Records for this exercise

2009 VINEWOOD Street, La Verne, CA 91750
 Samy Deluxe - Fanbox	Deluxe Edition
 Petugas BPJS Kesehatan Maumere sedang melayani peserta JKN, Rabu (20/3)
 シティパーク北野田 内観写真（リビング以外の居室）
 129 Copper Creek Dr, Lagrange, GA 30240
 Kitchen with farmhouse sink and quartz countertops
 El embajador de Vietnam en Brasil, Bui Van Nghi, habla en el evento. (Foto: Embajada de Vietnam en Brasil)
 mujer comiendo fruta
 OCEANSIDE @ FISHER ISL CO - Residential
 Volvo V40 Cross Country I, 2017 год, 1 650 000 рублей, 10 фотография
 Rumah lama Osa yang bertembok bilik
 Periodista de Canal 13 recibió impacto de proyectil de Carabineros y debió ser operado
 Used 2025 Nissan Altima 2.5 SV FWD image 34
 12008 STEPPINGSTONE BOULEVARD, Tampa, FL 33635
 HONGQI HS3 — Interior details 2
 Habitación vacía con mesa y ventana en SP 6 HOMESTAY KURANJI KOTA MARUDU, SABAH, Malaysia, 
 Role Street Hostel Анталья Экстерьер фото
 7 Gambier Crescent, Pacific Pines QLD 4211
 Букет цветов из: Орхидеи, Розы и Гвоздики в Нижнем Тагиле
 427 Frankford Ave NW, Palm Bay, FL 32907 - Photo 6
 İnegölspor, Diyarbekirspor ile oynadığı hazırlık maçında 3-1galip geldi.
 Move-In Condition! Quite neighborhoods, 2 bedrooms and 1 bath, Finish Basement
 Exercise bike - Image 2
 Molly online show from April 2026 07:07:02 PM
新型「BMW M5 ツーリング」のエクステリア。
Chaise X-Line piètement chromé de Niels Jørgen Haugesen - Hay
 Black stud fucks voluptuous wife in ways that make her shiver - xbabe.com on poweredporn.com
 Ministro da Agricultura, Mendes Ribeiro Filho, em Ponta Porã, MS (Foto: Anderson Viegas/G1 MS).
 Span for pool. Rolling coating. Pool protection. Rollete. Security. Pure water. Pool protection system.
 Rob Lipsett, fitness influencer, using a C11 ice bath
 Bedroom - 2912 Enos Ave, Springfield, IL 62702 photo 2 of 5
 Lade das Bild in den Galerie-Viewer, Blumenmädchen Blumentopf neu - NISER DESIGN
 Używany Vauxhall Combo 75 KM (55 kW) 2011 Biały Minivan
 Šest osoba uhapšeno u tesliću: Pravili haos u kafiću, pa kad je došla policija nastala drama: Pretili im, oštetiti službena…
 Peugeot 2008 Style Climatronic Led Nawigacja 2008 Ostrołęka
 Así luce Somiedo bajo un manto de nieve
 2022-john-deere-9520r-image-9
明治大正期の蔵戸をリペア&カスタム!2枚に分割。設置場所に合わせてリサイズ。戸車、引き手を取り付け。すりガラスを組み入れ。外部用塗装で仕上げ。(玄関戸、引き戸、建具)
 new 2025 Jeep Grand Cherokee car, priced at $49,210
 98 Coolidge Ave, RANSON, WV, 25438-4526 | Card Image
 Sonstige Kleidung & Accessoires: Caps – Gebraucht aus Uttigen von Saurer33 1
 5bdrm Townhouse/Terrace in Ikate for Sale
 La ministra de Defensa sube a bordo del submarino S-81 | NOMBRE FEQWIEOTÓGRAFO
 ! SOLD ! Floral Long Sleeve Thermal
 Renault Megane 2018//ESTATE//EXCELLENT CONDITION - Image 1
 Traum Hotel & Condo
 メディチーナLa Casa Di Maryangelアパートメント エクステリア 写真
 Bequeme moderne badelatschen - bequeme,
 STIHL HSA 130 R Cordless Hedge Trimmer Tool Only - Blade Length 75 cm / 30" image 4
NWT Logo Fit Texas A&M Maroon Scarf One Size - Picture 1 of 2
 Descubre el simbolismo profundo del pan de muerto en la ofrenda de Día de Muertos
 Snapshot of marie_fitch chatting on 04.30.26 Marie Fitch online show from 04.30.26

Brief
Extract exactly the leading lines of the data, stopping at and including the line with "Bedroom - 2912".

The completed task
2009 VINEWOOD Street, La Verne, CA 91750
 Samy Deluxe - Fanbox	Deluxe Edition
 Petugas BPJS Kesehatan Maumere sedang melayani peserta JKN, Rabu (20/3)
 シティパーク北野田 内観写真（リビング以外の居室）
 129 Copper Creek Dr, Lagrange, GA 30240
 Kitchen with farmhouse sink and quartz countertops
 El embajador de Vietnam en Brasil, Bui Van Nghi, habla en el evento. (Foto: Embajada de Vietnam en Brasil)
 mujer comiendo fruta
 OCEANSIDE @ FISHER ISL CO - Residential
 Volvo V40 Cross Country I, 2017 год, 1 650 000 рублей, 10 фотография
 Rumah lama Osa yang bertembok bilik
 Periodista de Canal 13 recibió impacto de proyectil de Carabineros y debió ser operado
 Used 2025 Nissan Altima 2.5 SV FWD image 34
 12008 STEPPINGSTONE BOULEVARD, Tampa, FL 33635
 HONGQI HS3 — Interior details 2
 Habitación vacía con mesa y ventana en SP 6 HOMESTAY KURANJI KOTA MARUDU, SABAH, Malaysia, 
 Role Street Hostel Анталья Экстерьер фото
 7 Gambier Crescent, Pacific Pines QLD 4211
 Букет цветов из: Орхидеи, Розы и Гвоздики в Нижнем Тагиле
 427 Frankford Ave NW, Palm Bay, FL 32907 - Photo 6
 İnegölspor, Diyarbekirspor ile oynadığı hazırlık maçında 3-1galip geldi.
 Move-In Condition! Quite neighborhoods, 2 bedrooms and 1 bath, Finish Basement
 Exercise bike - Image 2
 Molly online show from April 2026 07:07:02 PM
新型「BMW M5 ツーリング」のエクステリア。
Chaise X-Line piètement chromé de Niels Jørgen Haugesen - Hay
 Black stud fucks voluptuous wife in ways that make her shiver - xbabe.com on poweredporn.com
 Ministro da Agricultura, Mendes Ribeiro Filho, em Ponta Porã, MS (Foto: Anderson Viegas/G1 MS).
 Span for pool. Rolling coating. Pool protection. Rollete. Security. Pure water. Pool protection system.
 Rob Lipsett, fitness influencer, using a C11 ice bath
 Bedroom - 2912 Enos Ave, Springfield, IL 62702 photo 2 of 5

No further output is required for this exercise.